また、引用文献4には、金属粒子の少なくとも30%がパラジウムおよび銀の両方を含むことは開示されていない。
以上に説明したように、本願請求項1は、引用文献1~4に基づいて容易に発明をすることができたものではなく、本願請求項1は進歩性を有する。
本願請求項2~7は、請求項1の従属項であるから、請求項1が進歩性を有することにより、当然、これらも進歩性を有する。
拒絶査定
出願人は、意見書において、本願発明は、銀/パラジウムの重量比が0.5~3であるのに対し、引用文献1に記載された発明では、0.05~0.4である点、及び、本願発明では、「金属粒子の少なくとも30%が、パラジウムと銀とを同時に含んでいる」ことを規定しているのに対し、引用文献1ではこのような規定がない点で相違しており、本願発明は、引用文献1~4に基づいて容易に発明することができたものではない旨主張している。
出願人の上記主張について、検討する。
引用文献1では、銀/パラジウムの重量比は、最大値として0.4が記載されているにとどまる(実施例12)。しかし、引用文献1において、パラジウム含有量は0.01~0.5重量%、銀含有量は、0.001~0.02重量%と規定されており、銀/パラジウムの重量比の最適な範囲を決めるに際して、上記含有量の範囲において、0.4を超える重量比まで変化させる必要があると考えられる。また、本願発明において銀/パラジウムの重量比の下限は0.5であるが、重量比0.5に近い実施例として、重量比0.6(実施例6、触媒F ただし、実施例6のパラジウムと銀の重量比から計算すると、重量比は1.2となる)及び重量比1.04(実施例3、触媒C)が記載されているにすぎず、0.5の範囲まで明細書記載の効果を奏するとはいえない。しかも、本願発明の実施例の「安定性」は、同じ条件で測定された引用文献1の実施例の「安定性」よりも大幅に劣り、触媒として優れているのか疑問であり、銀/パラジウムの重量比が0.1である比較例(実施例4)はあるものの、他の重量比での比較が不十分であるから、引用文献1に記載の発明より「不活性化」の点で特に優れているともいえない。したがって、銀/パラジウムの重量比を0.5以上の値とすることは、当業者が適宜なし得る設計事項にすぎない。
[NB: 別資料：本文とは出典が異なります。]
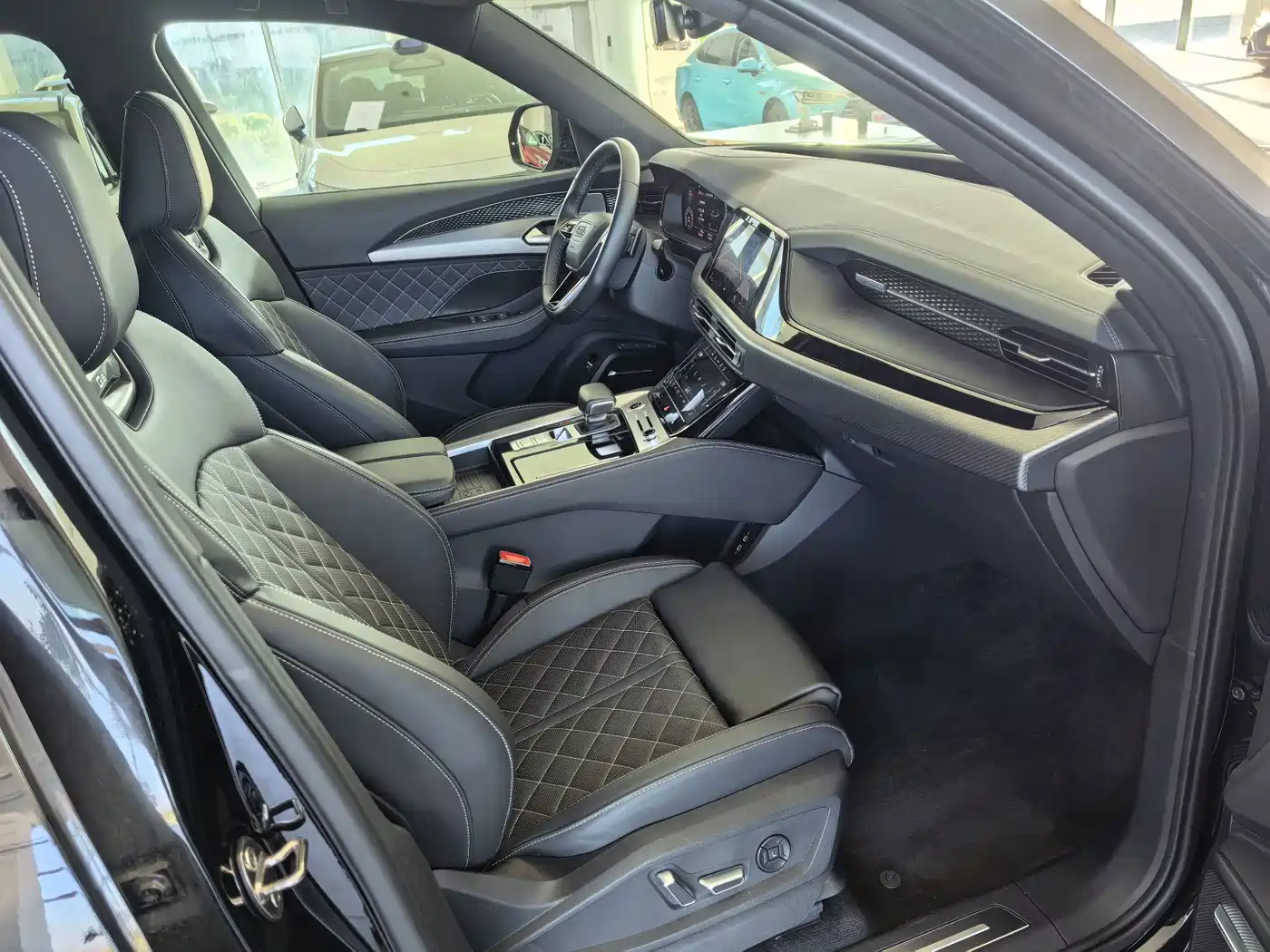 Audi Q6 2025 2025 45 TFSI quattro Dark Warrior Edition Feiqi Package 6-Seater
次に、本願発明の実施例によれば、本願発明の触媒は、パラジウム・ニトレートと銀ニトレートとを含む硝酸溶液60mlを、アルファアルミナベースの担体に含浸させ、120℃で乾燥し、空気下750℃で焼成することによって調製される。引用文献1に記載の実施例の触媒の調製方法も、上記本願発明の触媒の調製方法と全く同じである。しかも、同じ調製方法を採用し銀/パラジウムの比の み相違する本願発明の比較例(実施例4)は、引用文献1に記載の発明の銀/パラジウム重量比を満たすが、金属粒子の35%がパラジウムと銀とを同時に含んでいるとされている。そうすると、上記「金属粒子の少なくとも30%が、パラジウムと銀とを同時に含んでいる」点は、引用文献1に記載の実施例の触媒も満たすといえる。
以上のとおりであるから、出願人の主張は、採用できない。